Quand il parle de son enfance, Bocuse revient assez souvent sur son expérience de fainéant sympathique à l’école : « J’avais pas foutu grand-chose avant la guerre. » Généreux, il livre quand même quelques tips à tous les cancres pour s’en sortir : « J’avais une façon d’arranger ma paresse scolaire avec bonhomie, rapportant au maître un lièvre ou un brochet quand ça chauffait trop pour mes abattis », racontait-il dans Mémoires de Chefs. À ce sujet, la phrase que tout le monde retient, c’est celle qu’il prononce en 2006 dans une interview donnée à Libération. Une manière de dire aussi que les diplômes ne comptent peut-être pas tant que ça dans la vie – excepté le titre de Meilleur Ouvrier de France qu’il décroche en 1961, seul concours qu’il ait jamais disputé.

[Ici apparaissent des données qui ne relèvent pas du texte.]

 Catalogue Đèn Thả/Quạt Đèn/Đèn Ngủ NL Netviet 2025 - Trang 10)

En 1944, alors engagé dans un bataillon des Forces françaises libres, Bocuse est touché près du cœur, uniquement sauvé par l’intervention des GI’s qui lui transfusent des litres de sang américain et lui laissent un tatouage de coq sur l’épaule gauche. S’il ne prononce la phrase que bien des années plus tard, difficile de ne pas voir en cet épisode l’événement fondateur de la philosophie du chef et son célèbre « appétit de vivre » comme on dit dans le jargon. Une phrase dont Bocuse fera son mantra et qu’il aura plutôt bien respectée à en croire le bilan qu’il faisait de sa vie en 2006 : « j’ai eu trois étoiles, trois pontages et trois femmes ».

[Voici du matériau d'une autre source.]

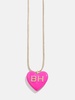 Custom Initial Enamel Heart Pendant Necklace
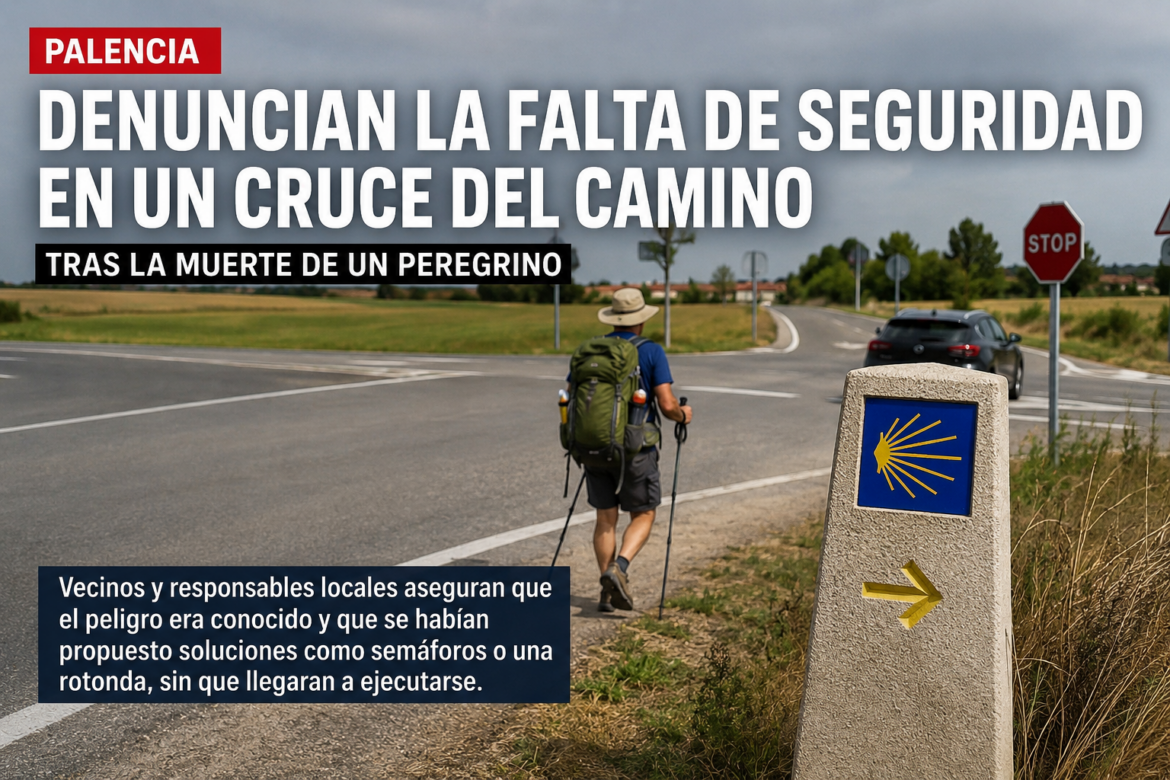 Titular de noticia en español sobre la falta de seguridad en un cruce del Camino; peregrino con mochila camina por la carretera.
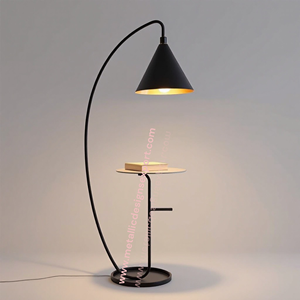 Lámpara de pie arqueada negra moderna con iluminación LED elegante de mesa redonda para decoración de sala de estar, dormitorio u oficina - Product Image 5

Parangon d’une cuisine de tradition, celle qui met en avant le produit et le goût sans y aller par quatre chemins, il fallait probablement s’attendre à ce que Bocuse ne prenne pas de gants quand il s’agit de juger les dernières « tendances culinaires ». Du coup, quand François Simon lui demande ce qu’il refuserait de la modernité, c’est la cuisine moléculaire qui en prend pour son grade. Un truc de saltimbanque pour les fans de déstructuration et de tours de passe-passe. En même temps, ça paraît plutôt normal quand on sait que le chef a commencé à bosser pendant la guerre en 1941, dans un restau de type « marché noir » qu’il jugeait parfaitement adapté à l’apprentissage pour la bonne raison qu’il fallait savoir tout faire – notamment tuer soi-même le cochon ou le veau.
Si vous êtes déjà allé dans un restau un peu chicos, vous avez déjà sûrement assisté à cette scène : vers la fin du repas, le chef sort de derrière les fourneaux et fait le tour des tables et des clients, posant pour un selfie, rigolant à deux vannes et serrant quelques pognes. C’est un peu Bocuse qui est à l’origine de ce décorum, lui qui ne comprenait pas pourquoi, Chez Maxim’s, on connaissait le nom du maître d’hôtel et pas celui du chef – détenteur pourtant du fameux « feu sacré ».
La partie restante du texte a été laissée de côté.